4. The federal learning method for use in the internet of vehicles according to claim 2, wherein the objective function is:

；

wherein the constraint conditionsRepresenting a stop condition in too long an edge iteration, +.>When->The global model will get an exact solution when +.>At the time, the global model does not evolve, +. >Indicate->Gradient of global aggregation round,/>Indicate->Gradient of global aggregation of the wheel; constraint->Time constraint representing each training round of federal learning, < +.>Maximum acceptable global training time per round representing federal learning,/>Representing coupletWest of bang study>Global training time of the wheel; constraint->Representing vehicle cluster->First->Total time consumption of round global aggregation +.>No more than vehicle cluster->Minimum stay time of the inner vehicle +.>，/>Indicating vehicle->Stay time at the server; constraint->Representation->Is a binary variable +.>Representing vehicle cluster->Do not participate in->Round federal learning aggregation, ->Representing vehicle cluster->Participation in->Round federal learning aggregation, ->Is a semi-asynchronous aggregation matrix; constraint->Representing hyper-parameters->And->The sum is 1; />A partitioning strategy representing the plurality of vehicles into a plurality of vehicle clusters;

；

5. The federal learning method for use in internet of vehicles according to claim 4, wherein the solving the objective function comprises:

converting the objective function into a markov decision process;

and adopting a TD3 algorithm to solve the Markov decision process.

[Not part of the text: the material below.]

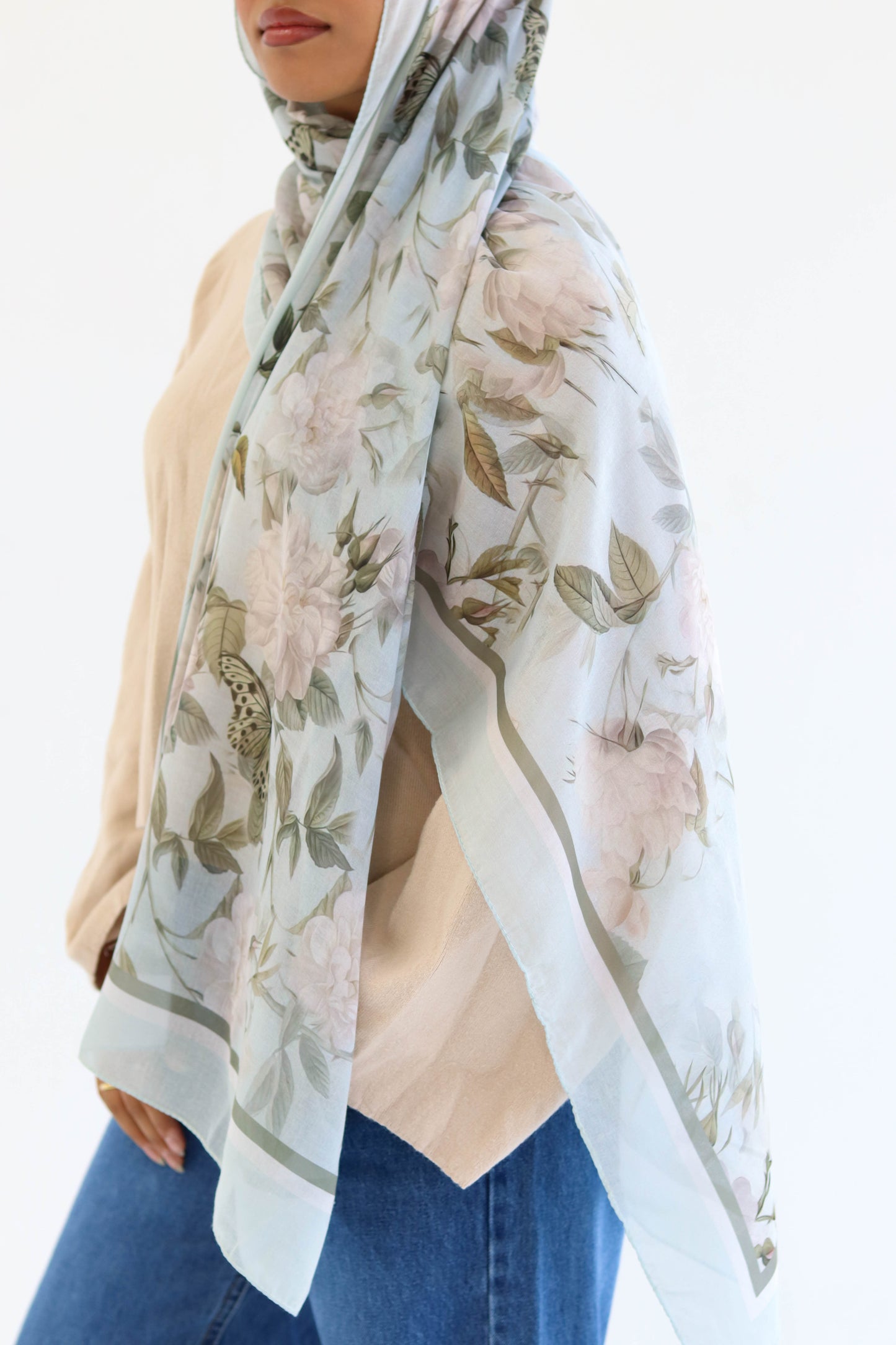 Crystal Petal in Modal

6. The federal learning method for use in internet of vehicles according to claim 2, wherein the leader node is a vehicle having the longest residence time within the coverage of the server.

7. The federal learning method for use in internet of vehicles according to claim 6, wherein if the leader node does not respond, a vehicle having a residence time inferior to the longest residence time is selected as a new leader node.

8. Be applied to car networking's federal learning device, its characterized in that is applicable to car networking cluster formula federal learning network model, car networking cluster formula federal learning network model includes: a server and a plurality of vehicles located within a coverage area of the server; the vehicles are divided into a plurality of vehicle clusters, and each vehicle cluster has at least one vehicle as a leading node; the server is used for receiving and aggregating the vehicle cluster model parameters of the current wheel sent by the vehicle cluster participating in the training of the current wheel to obtain the global model parameters of the next wheel; the leading node of the vehicle cluster participating in the current wheel training is used for receiving local model parameters of the current wheel sent by all vehicles in the vehicle cluster, carrying out aggregation to obtain the vehicle cluster model parameters of the current wheel, and uploading the vehicle cluster model parameters to the server; the vehicles of the vehicle cluster participating in the current wheel training are used for training a local model according to the global model parameters of the current wheel issued by the server, so as to obtain the local model parameters of the current wheel, and the local model parameters are sent to the leading node;

The federal learning device applied to the internet of vehicles comprises:

9. An electronic device, comprising: at least one control processor and a memory for communication connection with the at least one control processor; the memory stores instructions executable by the at least one control processor to enable the at least one control processor to perform the federal learning method for use in the internet of vehicles of any one of claims 1 to 7.

10. A computer-readable storage medium storing computer-executable instructions for causing a computer to perform the federal learning method for use in the internet of vehicles according to any one of claims 1 to 7.